Few would debate that the city of Dallas, Texas stands as a monument to America's car culture. Made famous as the setting for the eponymous TV series, the city began as a compact boom-town before cheap oil awoke Dallasites to the wide open spaces now part of the conurbation known as the Dallas-Fort Worth Metroplex.
These days Dallas' downtown core all-but empties before dinner, leaving only the homeless to wander past shuttered office towers and vacant parking lots. The suburbs represent the city's real cultural and economic engine, orbiting the downtown core like planets around a dead star. The suburbs themselves glow with the saturated colours of American optimism.

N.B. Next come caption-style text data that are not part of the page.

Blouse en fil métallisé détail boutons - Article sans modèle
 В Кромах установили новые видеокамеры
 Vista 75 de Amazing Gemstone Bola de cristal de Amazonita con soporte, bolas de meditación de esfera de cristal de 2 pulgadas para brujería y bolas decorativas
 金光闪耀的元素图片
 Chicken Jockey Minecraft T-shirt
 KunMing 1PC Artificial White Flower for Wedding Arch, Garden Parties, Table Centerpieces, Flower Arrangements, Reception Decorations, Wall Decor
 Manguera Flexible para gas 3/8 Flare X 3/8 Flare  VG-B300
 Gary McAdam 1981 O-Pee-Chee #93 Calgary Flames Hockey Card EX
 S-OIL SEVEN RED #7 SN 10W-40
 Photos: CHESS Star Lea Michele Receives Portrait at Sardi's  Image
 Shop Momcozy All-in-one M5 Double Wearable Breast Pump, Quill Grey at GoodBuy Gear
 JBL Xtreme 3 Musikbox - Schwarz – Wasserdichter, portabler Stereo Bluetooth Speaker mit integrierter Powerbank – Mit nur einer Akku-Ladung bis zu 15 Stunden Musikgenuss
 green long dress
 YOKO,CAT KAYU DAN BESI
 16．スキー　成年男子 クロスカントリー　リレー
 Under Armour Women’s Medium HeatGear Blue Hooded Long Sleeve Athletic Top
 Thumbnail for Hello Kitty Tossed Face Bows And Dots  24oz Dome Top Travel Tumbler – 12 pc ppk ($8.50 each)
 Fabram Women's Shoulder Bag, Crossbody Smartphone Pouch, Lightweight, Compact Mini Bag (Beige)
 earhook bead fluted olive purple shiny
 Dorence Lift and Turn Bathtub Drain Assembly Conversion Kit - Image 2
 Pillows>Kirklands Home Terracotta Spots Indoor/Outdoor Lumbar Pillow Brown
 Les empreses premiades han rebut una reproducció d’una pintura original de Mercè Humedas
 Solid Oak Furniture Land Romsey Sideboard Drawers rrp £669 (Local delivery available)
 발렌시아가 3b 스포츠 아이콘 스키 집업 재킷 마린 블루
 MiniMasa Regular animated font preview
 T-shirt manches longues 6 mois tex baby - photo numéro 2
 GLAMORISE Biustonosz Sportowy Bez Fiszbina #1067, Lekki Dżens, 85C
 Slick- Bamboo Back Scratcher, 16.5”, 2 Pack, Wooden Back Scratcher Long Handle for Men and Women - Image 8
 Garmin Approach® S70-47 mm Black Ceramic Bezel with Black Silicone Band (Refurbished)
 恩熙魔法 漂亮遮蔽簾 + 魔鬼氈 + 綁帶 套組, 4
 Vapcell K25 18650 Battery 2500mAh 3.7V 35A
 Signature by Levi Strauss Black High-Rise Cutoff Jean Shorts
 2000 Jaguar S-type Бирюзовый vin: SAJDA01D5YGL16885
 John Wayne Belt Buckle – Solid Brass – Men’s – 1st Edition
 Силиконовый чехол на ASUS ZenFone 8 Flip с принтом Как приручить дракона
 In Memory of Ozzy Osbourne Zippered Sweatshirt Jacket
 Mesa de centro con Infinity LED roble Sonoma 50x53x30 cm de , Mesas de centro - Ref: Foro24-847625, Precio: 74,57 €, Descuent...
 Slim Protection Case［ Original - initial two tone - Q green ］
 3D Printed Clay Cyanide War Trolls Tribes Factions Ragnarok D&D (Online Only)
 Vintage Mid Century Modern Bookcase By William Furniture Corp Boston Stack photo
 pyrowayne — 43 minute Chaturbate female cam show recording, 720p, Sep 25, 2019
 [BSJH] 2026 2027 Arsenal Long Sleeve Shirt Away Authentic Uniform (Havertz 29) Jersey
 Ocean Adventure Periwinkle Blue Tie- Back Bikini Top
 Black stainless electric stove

Dallas is noteworthy not for this expansive horizontality - now common to most North American cities - but rather for its incomplete verticality. Resulting from the flood-prone terrain, up-and-out land use policies, and a deficit of investment in civic infrastructure, Dallas lacks all but the most hesitant and grudgingly necessary underground development. In essence, the city lacks a basement. Houses are built without cellars and the soil underneath the city is bereft of metro stations, underground parking lots, and shopping arcades. Compared with cities where underground construction is often halted for years at a time after archaeological treasures are discovered, Dallas' lack of literal roots underlines a lack of figurative rootedness.
One of the few noteworthy features below the streets of Dallas are the public fallout shelters which were installed at the outset of Cold War. Long decommissioned, some buildings still display signs for these refuges, listing their potential capacity for lucky survivors. Other than these forgotten bunkers, the city's vertical dimension expands solely from the streets up. The underground exists only as a place of fantasy and myth. If digging serves to reveal the past, Dallas' subterranea confirms that in spite of being immortalized on TV, the city's history is yet to be written.